To my brother priests, who have come, who heard the call, that one of the members of Blessed Gérard is fallen, they have come to join us at this celebration to bid farewell to Clare. She has done so much for the Diocese simply by being here whilst this hospice is one of the biggest projects we have in the Diocese, she has been part and parcel of this project. With dedication and commitment. So on behalf of the Diocese as we bid her farewell we ought to say "Thank you!" Life des not end in the grave. Now she is at a better place where there is no pain, that she might have suffered at that moment, where there is no suffering, where there is joy and happiness. We should also pray for this hospice, the people who work here, the children and all people who life here being taken care of.

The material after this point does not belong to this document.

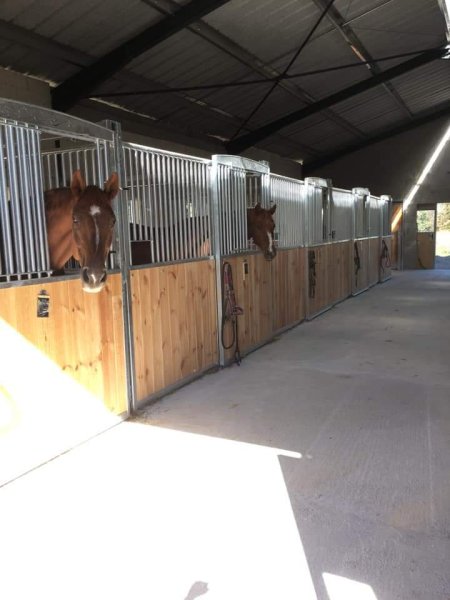 Ecurie GUERRAZZI . Pension -Valorisation cheval de sport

To the family, Geoff and children. On behalf of the Diocese I would like to thank you, the family, for allowing Clare to share her life working for the Church, share her life with the hospice taking care of faceless people like no one in the community. She would not have done that if you had not allowed her do do it. So we really appreciate that on behalf of the Diocese. May God bless you and may Clare be a good angel to the family and to Geoff. Now prays for you much better. She is closer to her creator.

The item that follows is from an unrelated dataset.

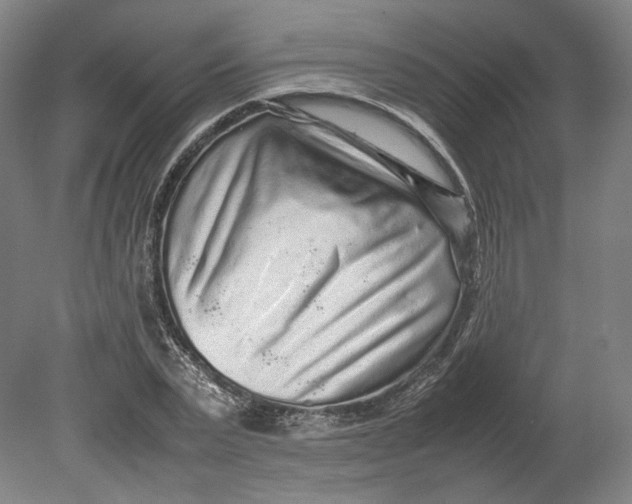 X0000080680783200701051033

Father Gérard, I know your heart is heavy. You lost a companion, a co-founder of this hospice, a friend. I was not too sure whether you will hold out to celebrate without tears, but having heard all these positive things that filled you rather with joy than sadness, the moments that you shared with Clare, with Clare at this place, looking after these people. Actually where she is now I am sure she is smiling as she wished that you will be the main celebrant and also that all the members here she smiles she smiles. She said "nobody should be sad but filled with joy and song. I think you have fulfilled her wish. May God bless you all!"


Final commendation

Wilfrid Cardinal Napier, the chairman of the Southern African Catholic Bishop's Conference and Archbishop of Durban said the final commendation and emphasised in moving words Clare's exemplary role in the Catholic Church of South Africa and the need to prevent further violence through total commitment to the intangible sanctity of human life, which Clare had dedicated her life to, especially at Blessed Gérard's Hospice.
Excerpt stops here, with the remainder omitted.